Anticoagulation therapy in patients with venous thromboembolic disease
- PMID: 9669566
- PMCID: PMC1496967
- DOI: 10.1046/j.1525-1497.1998.00117.x
Anticoagulation therapy in patients with venous thromboembolic disease
Abstract
Objective: To determine, in a representative sample of patients drawn from a variety of hospitals, the degree of adherence to consensus recommendations for anticoagulation among patients with deep vein thrombosis or pulmonary embolism.
Design: Cross-sectional review of a population-based random sample.
Setting: Twenty-one randomly selected Pennsylvania hospitals.
Patients: Of 357 randomly selected Medicare beneficiaries discharged from study hospitals with a diagnosis of deep venous thrombosis or pulmonary embolism during 1992, 43 charts were not reviewed for administrative reasons, 31 were miscoded or not treated with intravenous administration of heparin, and 13 were excluded for other reasons, leaving 270 in the final sample.

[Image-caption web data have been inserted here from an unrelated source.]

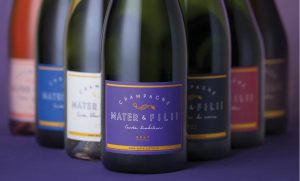Champagne - Mater et Filii Ouest de Paris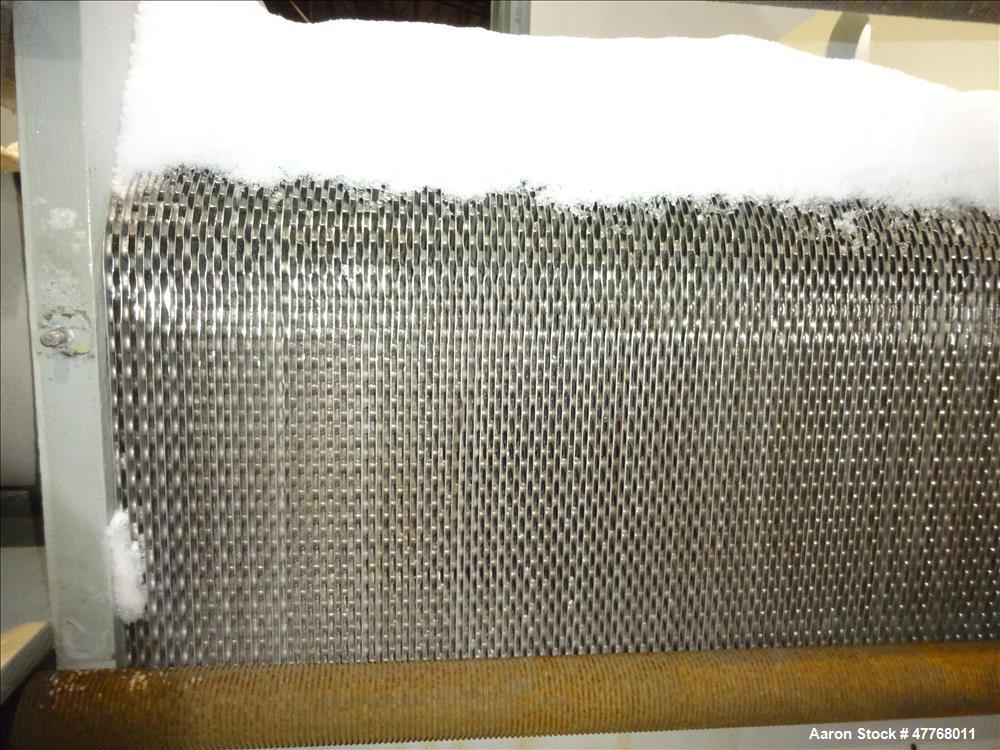 Tranter Superchanger Plate Heat Exchanger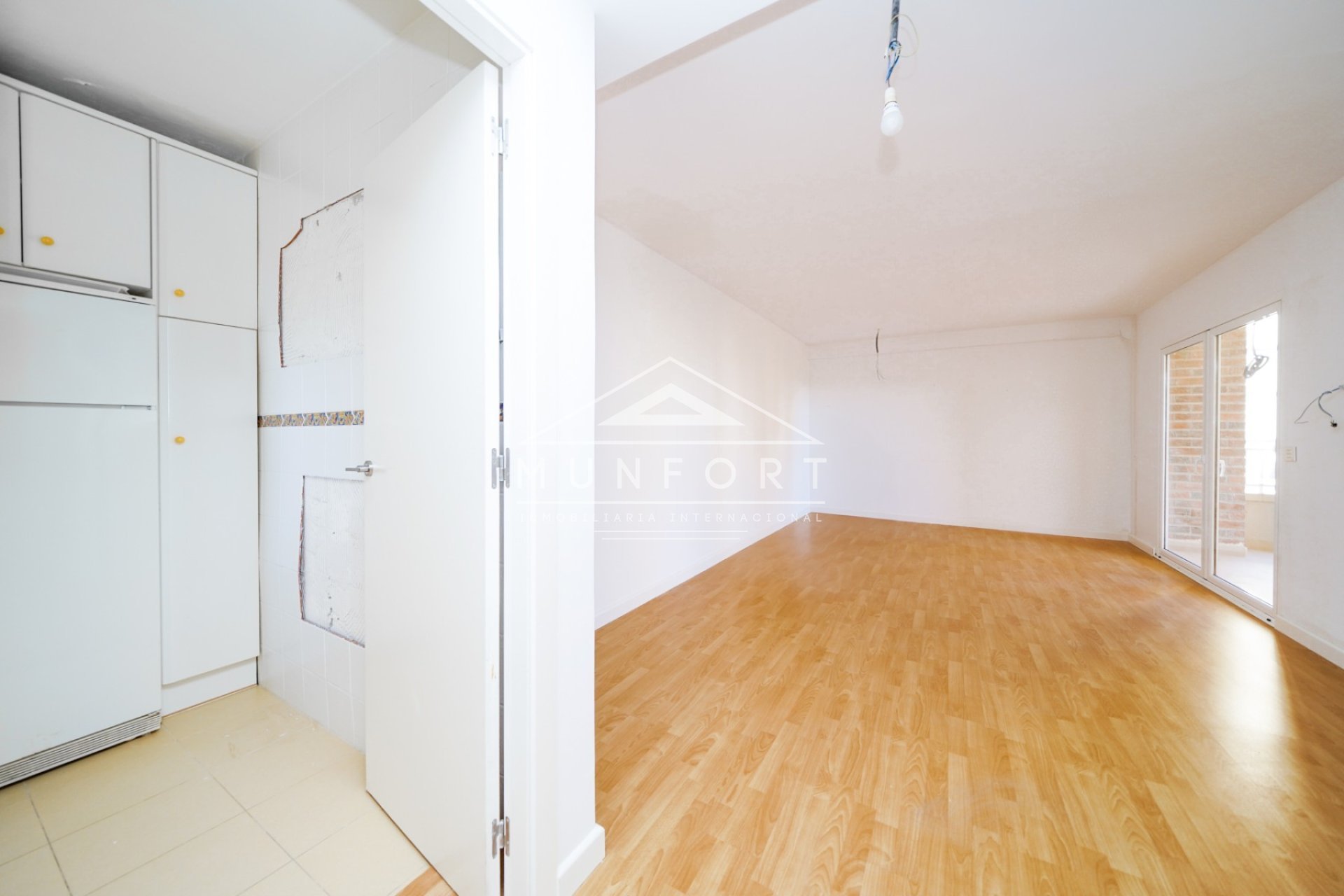 Resale - Apartments -
Orihuela Costa - Dehesa de Campoamor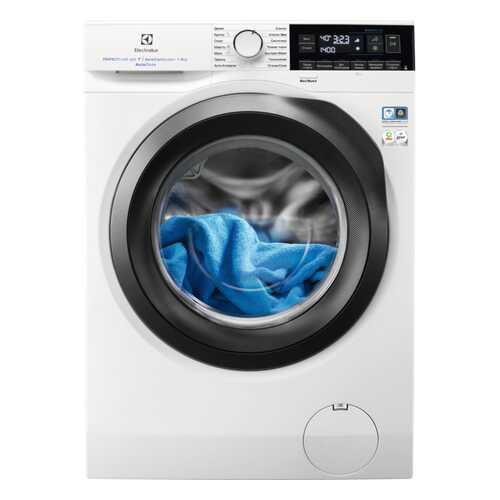 Стиральная машина Electrolux EW6F3R48SA в Ноу-Хау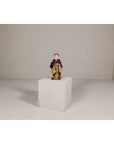 Ichimatsu Doll of a Little Boy Dressed in a City Kimono-4. Asian & Chinese Furniture, Art, Antiques, Vintage Home Décor for sale at FEA Home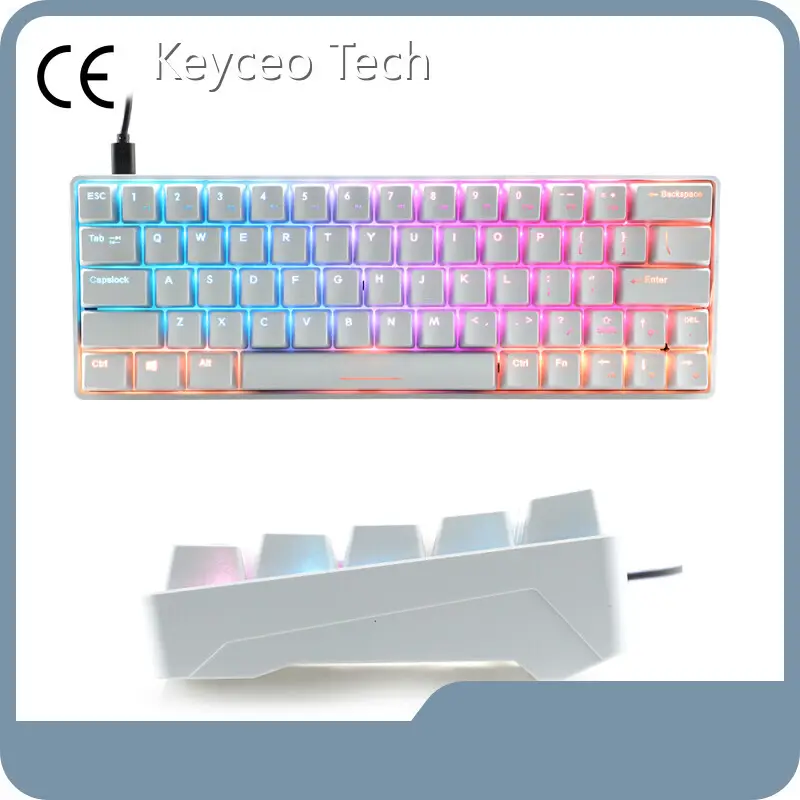 Keyceo Brand Gaming Mouse Manufacturer NO Supplier 1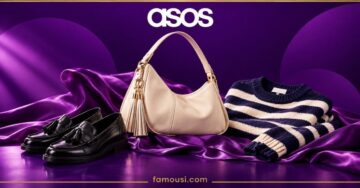 ASOS sale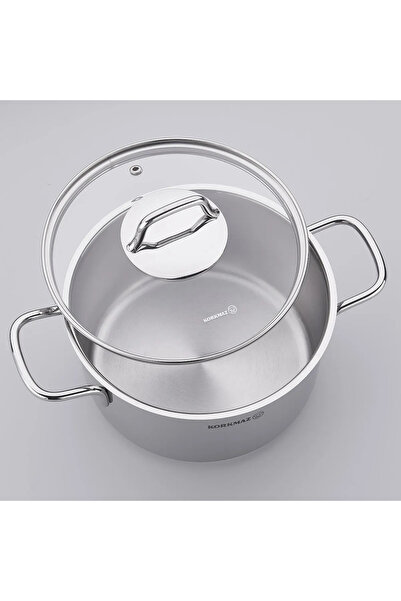 KORKMAZ Perla Junıor 3 Lü Set A1650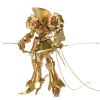 IMS 1/100 The Knight of Gold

Measurements and main results: Overall, 179 patients (66%, 95% confidence interval [CI] 59%, 72%) received therapeutic anticoagulation (two consecutive partial thromboplastin times more than 1.5 times control) within 24 hours of starting heparin. Platelet counts were checked at least once during the first week of heparin therapy in 66% (95% CI 58%, 74%). At least 5 days of heparin therapy was given to 84% (95% CI 79%, 87%). Among 266 (99%) of the patients receiving warfarin, 193 (72%; 95% CI 63%, 80%) received heparin until the prothrombin time ratio or International Normalized Ratio was therapeutic. Patients who were started on warfarin therapy within 2 days of heparin had decreased length of stay (geometric mean 8.2 vs 9.7 days, p = .003). Compliance varied among hospitals.
Conclusions: In a wide variety of hospitals, we found fair, but variable, compliance with consensus recommendations for anticoagulation of patients with venous thromboembolic disease. Simple interventions to improve compliance with these recommendations might improve quality of care and reduce costs.